As I have indicated before, what matters to me, and I believe to the public in general, are numbers that one can make sense of that truly inform any decision. That is what accounting was invented for (as one of my teacher once explained): provide decision makers with clear and relevant information.
Personally, it is the politicized way the government figures are derived and then presented that is dishonest, not the actual point accountants wish to make. And the PBO is just as bad, as his F-35 report demonstrated.
Information on the actual item cost of a system is important. Related costs that may be incurred as a result are important (imagine a totally new weapon that costs only 100 millions, but require us to add 5,000 extra service people). Expected operation and maintenance costs are important (and the underlying hypotheses, such as regular peacetime use vs war time use, etc.). But they must be properly presented so as to not create confusion, which means they must be contextualized into the existing budget plans, and not be allowed to be all added up into a single "total life cycle cost" figure that scares everyone.
So for instance, in the shipbuilding case, you would say something like: The AOPS will cost $900M each to build (item cost); during the seven years covered by construction, expenditures are expected to be "a" in year one, "b" in year two, etc. resulting in no increase in the Cf capital budget in year one and two, then $100M increase in capital budget of year three, etc (this contextualizes by indicating the changes only in each year, as other capital projects come to an end or have lower expenditures, etc.); to service the AOPS, we will have to spend $ 250M to build new jetties in Halifax and in Iqaluit (related costs); this will result in spending of "x" in each of the following capital expenditure budget years, with no effect/increases of "y" in those years budget (contextualized); expected O&M costs during the lifetime of the AOPS are expected to be "a" in year "x", "b" in year "y", etc. to the end of service and for normal peacetime use (hypothesis), which represents an increase/decrease of "y" dollars in year "a", etc. etc. and therefore, no change or an increase/decrease of "y" dollars in the overall CF budget for years "a", etc. etc.

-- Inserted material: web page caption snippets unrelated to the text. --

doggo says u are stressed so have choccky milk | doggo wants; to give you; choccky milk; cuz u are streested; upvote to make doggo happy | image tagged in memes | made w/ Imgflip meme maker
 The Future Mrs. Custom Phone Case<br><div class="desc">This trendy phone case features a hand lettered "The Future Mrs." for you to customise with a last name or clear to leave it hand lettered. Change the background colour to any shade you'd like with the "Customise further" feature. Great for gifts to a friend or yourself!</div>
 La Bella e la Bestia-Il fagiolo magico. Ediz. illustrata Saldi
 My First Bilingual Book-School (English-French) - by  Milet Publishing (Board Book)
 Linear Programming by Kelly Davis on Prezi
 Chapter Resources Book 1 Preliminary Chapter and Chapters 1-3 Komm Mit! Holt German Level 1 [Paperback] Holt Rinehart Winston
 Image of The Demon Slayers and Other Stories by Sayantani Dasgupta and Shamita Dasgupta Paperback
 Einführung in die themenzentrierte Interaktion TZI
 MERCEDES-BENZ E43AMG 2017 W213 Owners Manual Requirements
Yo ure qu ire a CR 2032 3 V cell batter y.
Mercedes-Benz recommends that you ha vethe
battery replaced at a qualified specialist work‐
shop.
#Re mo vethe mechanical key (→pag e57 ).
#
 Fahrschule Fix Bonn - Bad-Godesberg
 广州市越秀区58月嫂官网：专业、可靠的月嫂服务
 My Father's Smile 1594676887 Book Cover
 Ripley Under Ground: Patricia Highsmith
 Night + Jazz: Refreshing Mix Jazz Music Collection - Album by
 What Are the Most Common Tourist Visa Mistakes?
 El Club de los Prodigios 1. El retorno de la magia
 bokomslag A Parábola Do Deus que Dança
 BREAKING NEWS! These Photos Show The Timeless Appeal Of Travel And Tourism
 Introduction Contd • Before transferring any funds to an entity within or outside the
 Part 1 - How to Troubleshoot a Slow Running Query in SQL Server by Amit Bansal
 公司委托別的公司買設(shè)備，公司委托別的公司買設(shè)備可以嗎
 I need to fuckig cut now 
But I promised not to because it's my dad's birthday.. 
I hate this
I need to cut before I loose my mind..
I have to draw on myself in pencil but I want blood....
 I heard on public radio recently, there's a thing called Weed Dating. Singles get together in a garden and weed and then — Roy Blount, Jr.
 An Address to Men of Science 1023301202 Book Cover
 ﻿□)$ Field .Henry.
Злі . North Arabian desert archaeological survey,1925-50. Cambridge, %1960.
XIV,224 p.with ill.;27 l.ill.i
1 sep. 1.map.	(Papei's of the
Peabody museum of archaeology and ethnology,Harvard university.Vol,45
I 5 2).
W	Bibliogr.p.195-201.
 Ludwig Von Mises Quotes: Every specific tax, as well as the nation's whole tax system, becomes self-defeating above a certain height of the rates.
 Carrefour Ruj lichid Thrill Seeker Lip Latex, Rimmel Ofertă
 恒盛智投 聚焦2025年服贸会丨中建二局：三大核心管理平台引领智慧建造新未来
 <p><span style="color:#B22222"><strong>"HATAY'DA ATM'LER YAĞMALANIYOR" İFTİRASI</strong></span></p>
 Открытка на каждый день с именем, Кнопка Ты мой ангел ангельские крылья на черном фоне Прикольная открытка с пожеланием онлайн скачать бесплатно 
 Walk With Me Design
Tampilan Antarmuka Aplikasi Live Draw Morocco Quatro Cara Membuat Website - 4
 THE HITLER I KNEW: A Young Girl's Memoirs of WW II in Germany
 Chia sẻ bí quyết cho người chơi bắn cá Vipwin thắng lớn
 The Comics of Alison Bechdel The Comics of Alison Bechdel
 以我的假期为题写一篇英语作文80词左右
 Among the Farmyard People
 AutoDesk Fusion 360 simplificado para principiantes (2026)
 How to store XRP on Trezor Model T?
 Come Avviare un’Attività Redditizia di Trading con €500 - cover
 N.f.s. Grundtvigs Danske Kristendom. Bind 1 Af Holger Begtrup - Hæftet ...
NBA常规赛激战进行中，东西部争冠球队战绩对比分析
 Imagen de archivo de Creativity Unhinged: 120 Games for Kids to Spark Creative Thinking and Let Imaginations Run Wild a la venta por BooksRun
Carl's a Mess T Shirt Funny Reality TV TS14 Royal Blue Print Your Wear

This may seem long and convoluted, but the people and the lazy journalist who feed them information (1) would not have an overall scary figure to brandy about and (2) would be able to see immediately not just the specific various cost factors, but their projected effect in every budget year. This last figure being the most important one.
This information exists, but it is currently buried in complex budget calculation internal to the department only, and the journalists don't usually go looking for them: The single total cycle cost figure is much larger and therefore more spectacular for the journalists. It sells more paper to say "The Canadian Navy fleet renewal will cost taxpayers $100b" than to say "The Canadian Navy fleet renewal will require a 2% annual increase in the CF capital acquisition budget for the next five years, remaining at that level thereafter but will not require increases in the annual defence budget otherwise, corrected for inflation."